▶ _Exercise_: Copy, word for word, the lines below from the one containing "Sokak köpeğine polis şefkati" up to and including the one containing "Cute Llama Alpaca", with pictures left out.

▶ _Data records_:
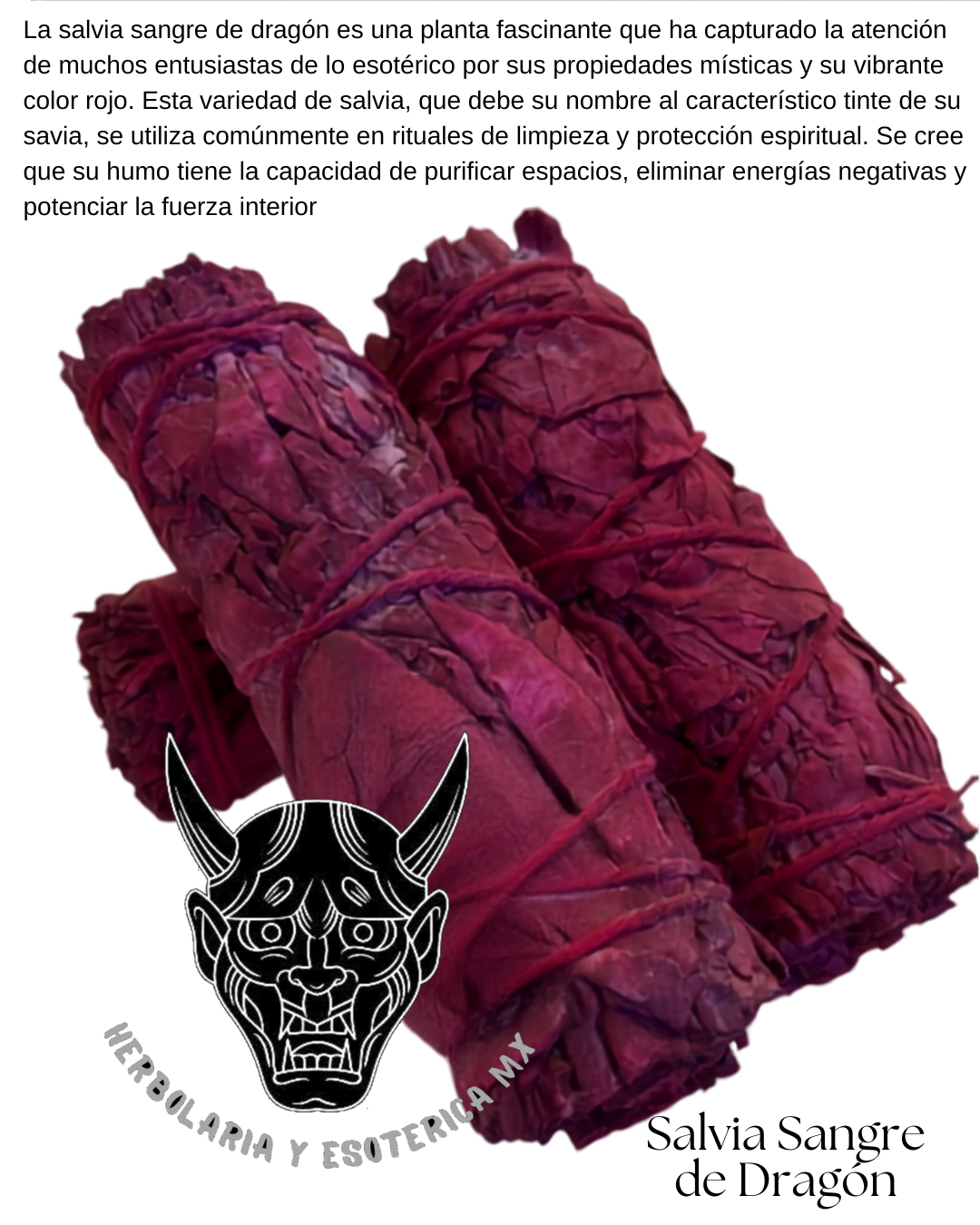 Herbolaria salvia y romero ect.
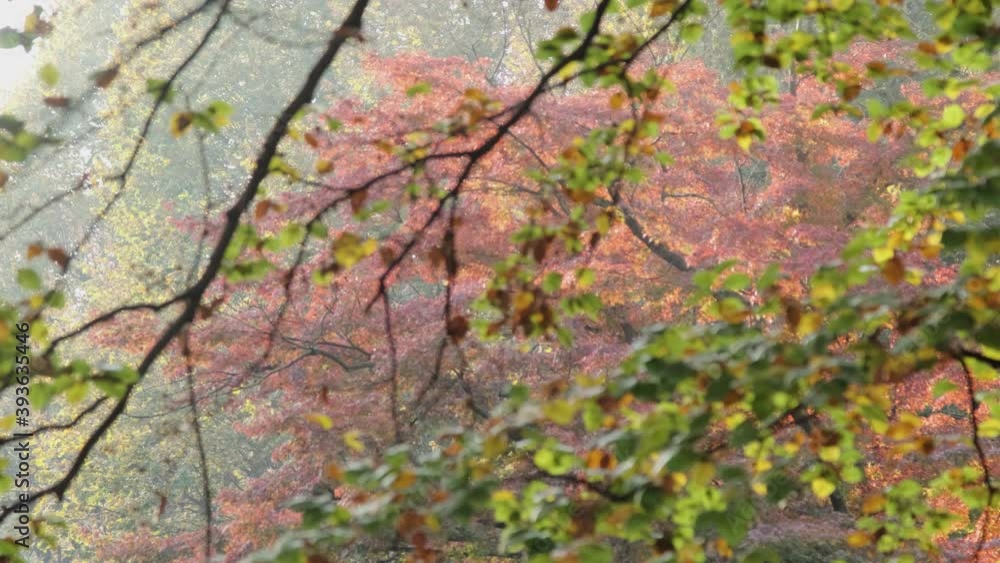Beautiful landscape nd details with trees and leaves during the autumn foliage Beautiful landscape nd details with trees and leaves during the autumn foliage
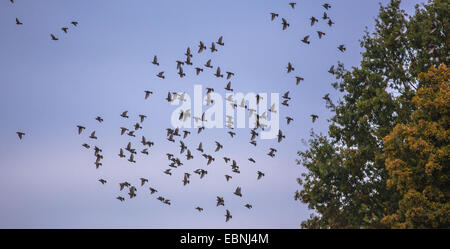 gemeinsamen Star (Sturnus Vulgaris), fliegende Schwarm, Deutschland, Bayern Stockfoto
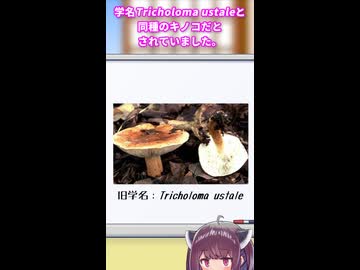 東北きりたんと手短に学ぶ毒キノコ解説：カキシメジ
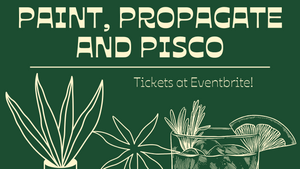 Paint, Propagate and Pisco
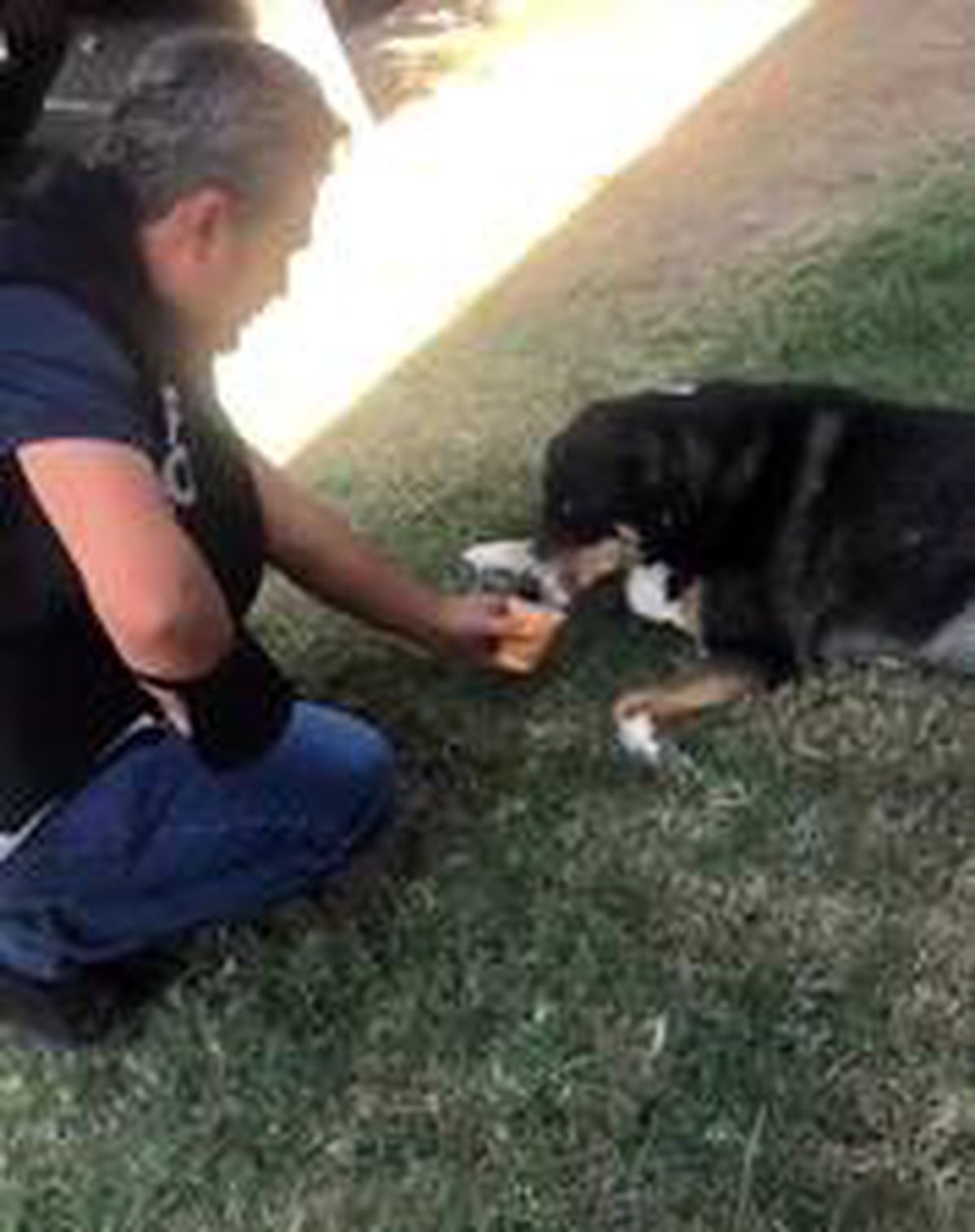 Sokak köpeğine polis şefkati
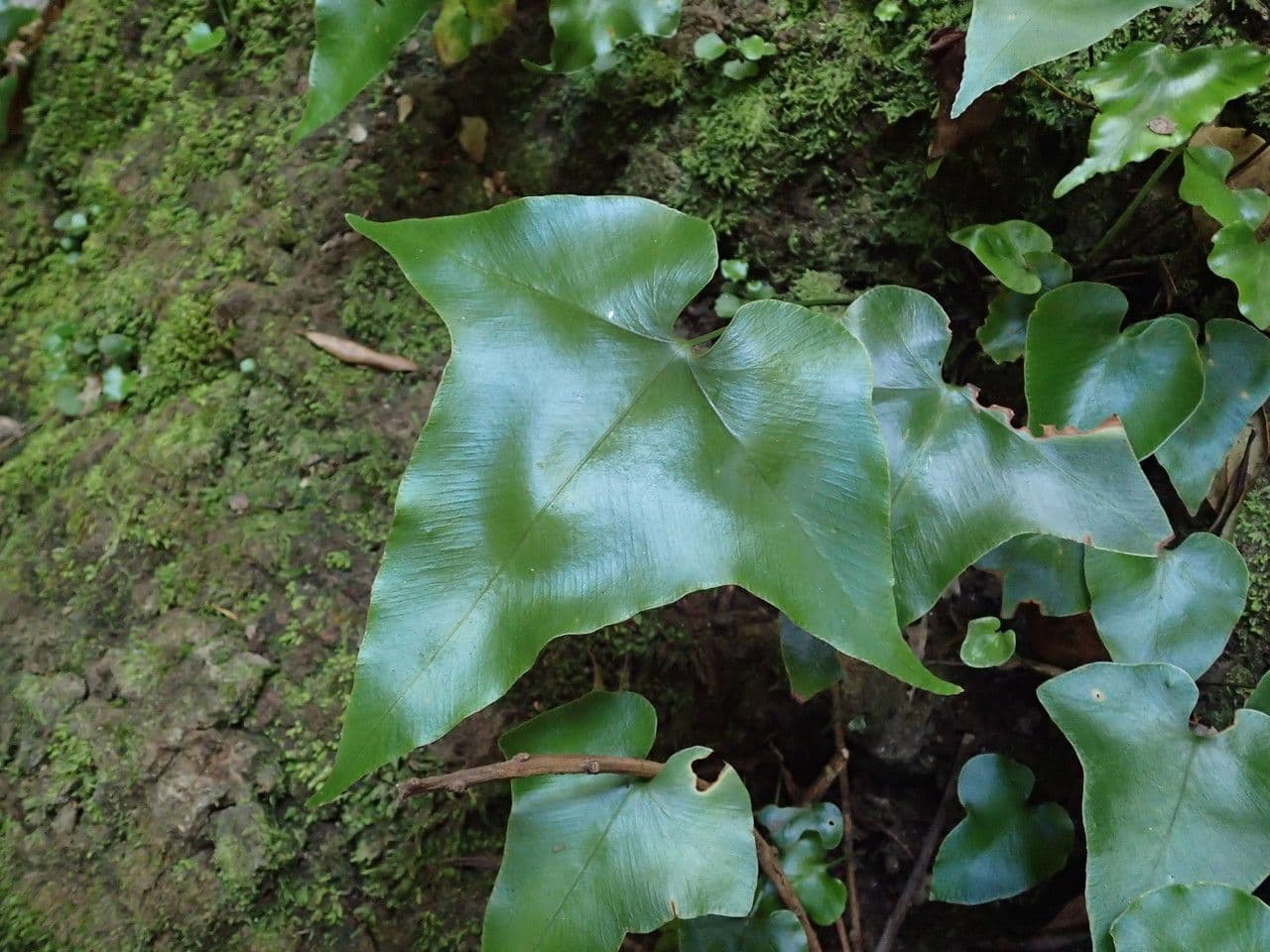 Asplenium hemionitis 15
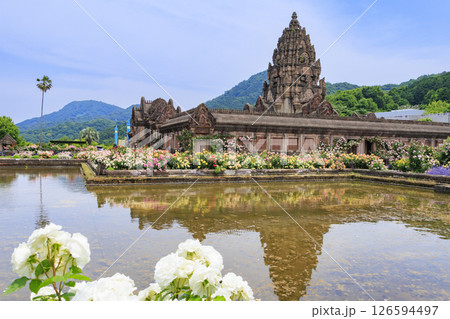 レオマ花ワールド 満開のバラ園 レオマ花ワールド 満開のバラ園 126594497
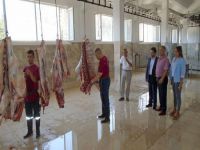 Hatay Büyükşehir Zabıta ekipleri mezbahaneleri denetliyor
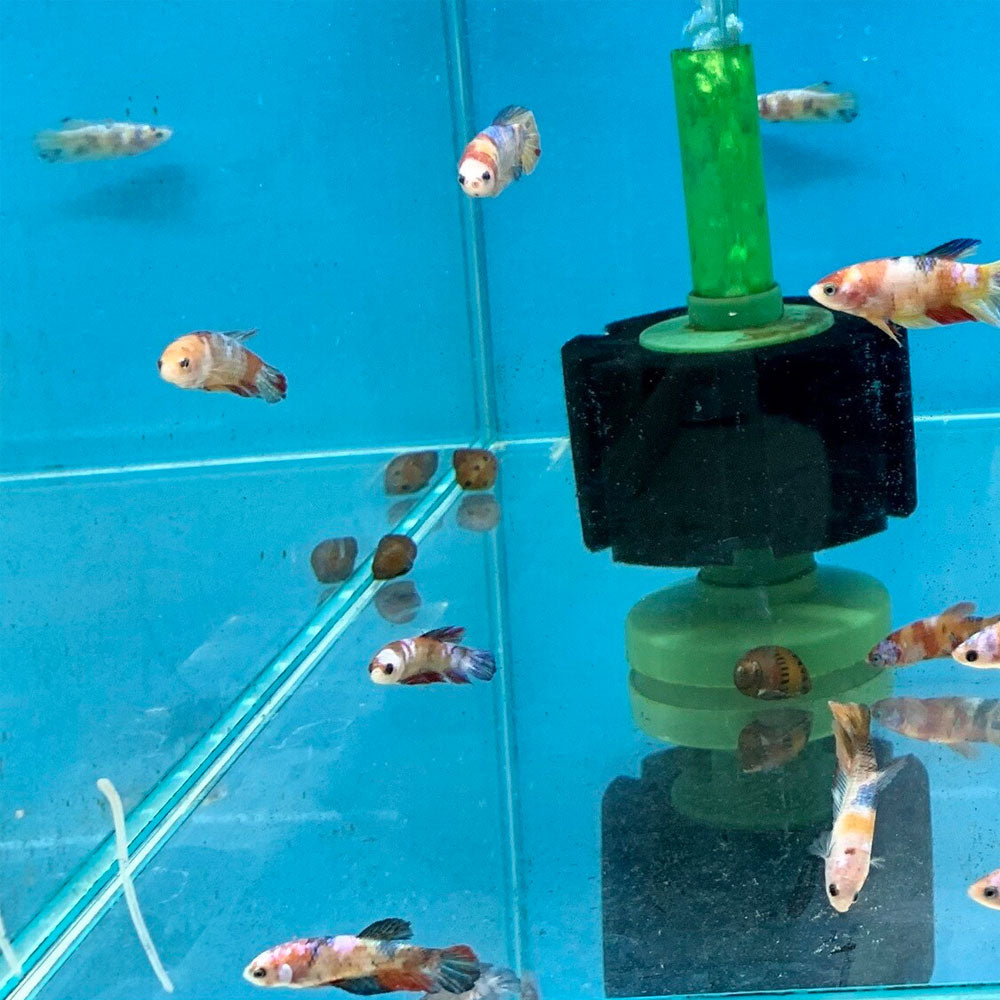 HMPK Betta Female | Bettas | Largest Tropical Fish Selection at Your Local Fish Store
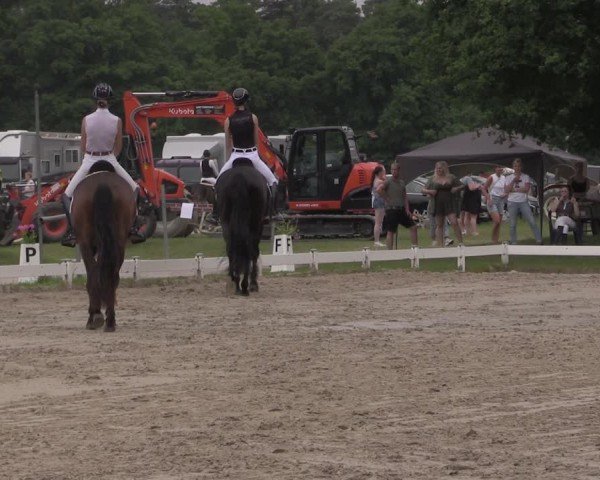 Reitturnier Coesfeld/Lette 2025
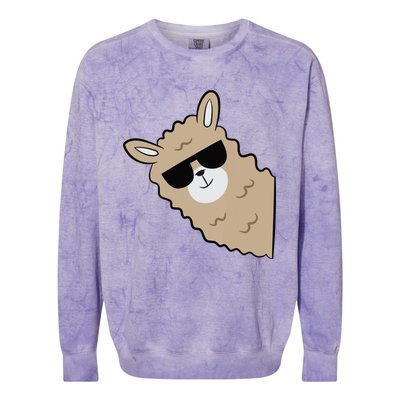 Cute Llama Alpaca With Sunglasses Funny Llama Colorblast Crewneck Sweatshirt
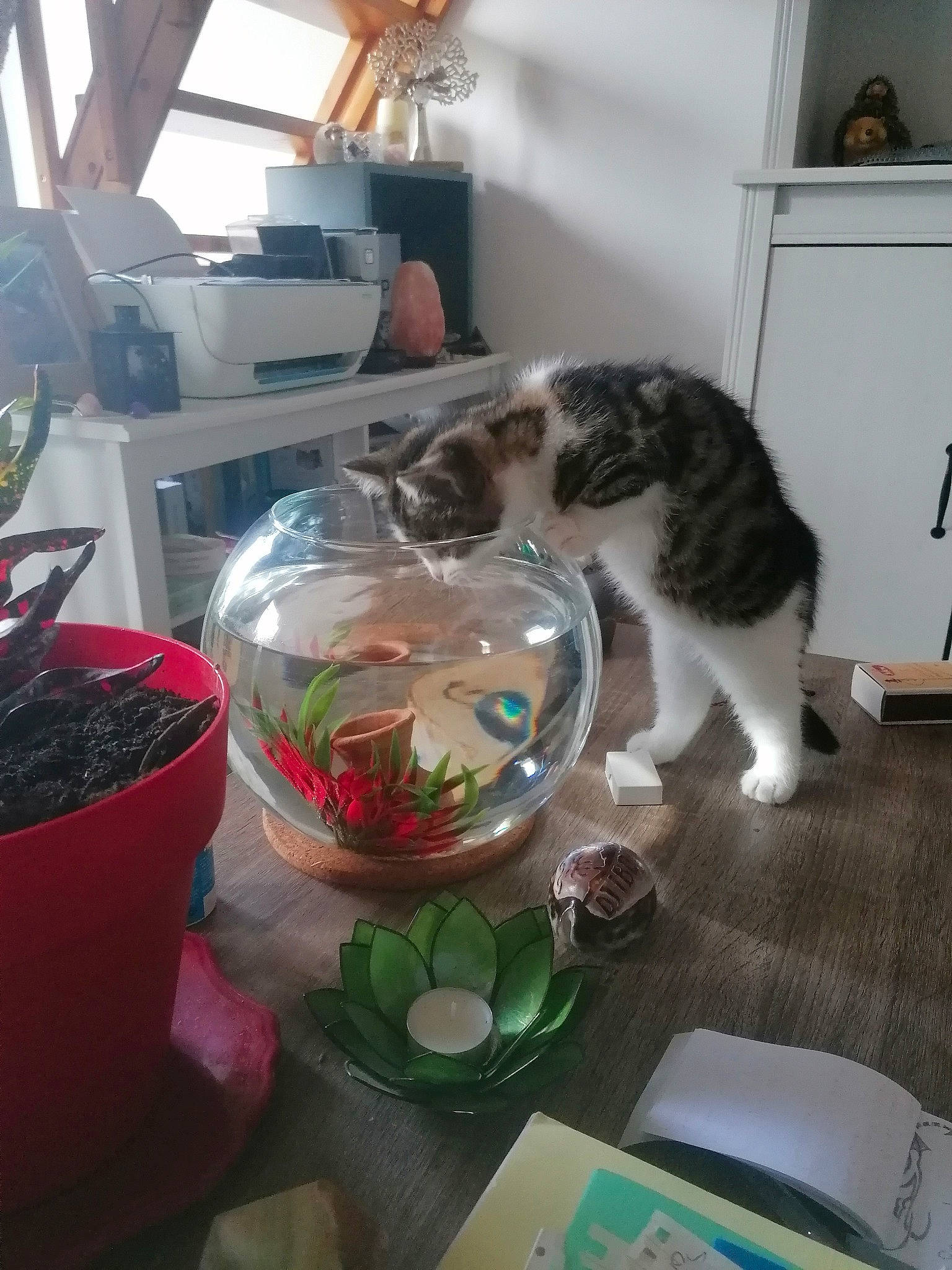 Yuzu participe au concours pour gagner de l'argent avec cette photo : carnivore, cat, cat_supply, domestic_short_haired_cat, event, felidae, flooring, fur, hardwood, home, houseplant, plant, room, serveware, small_to_medium_sized_cats, table, tableware, tail, whiskers, window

▶ _Your response_:
 Sokak köpeğine polis şefkati
 Asplenium hemionitis 15
 レオマ花ワールド 満開のバラ園 レオマ花ワールド 満開のバラ園 126594497
 Hatay Büyükşehir Zabıta ekipleri mezbahaneleri denetliyor
 HMPK Betta Female | Bettas | Largest Tropical Fish Selection at Your Local Fish Store
 Reitturnier Coesfeld/Lette 2025
 Cute Llama Alpaca With Sunglasses Funny Llama Colorblast Crewneck Sweatshirt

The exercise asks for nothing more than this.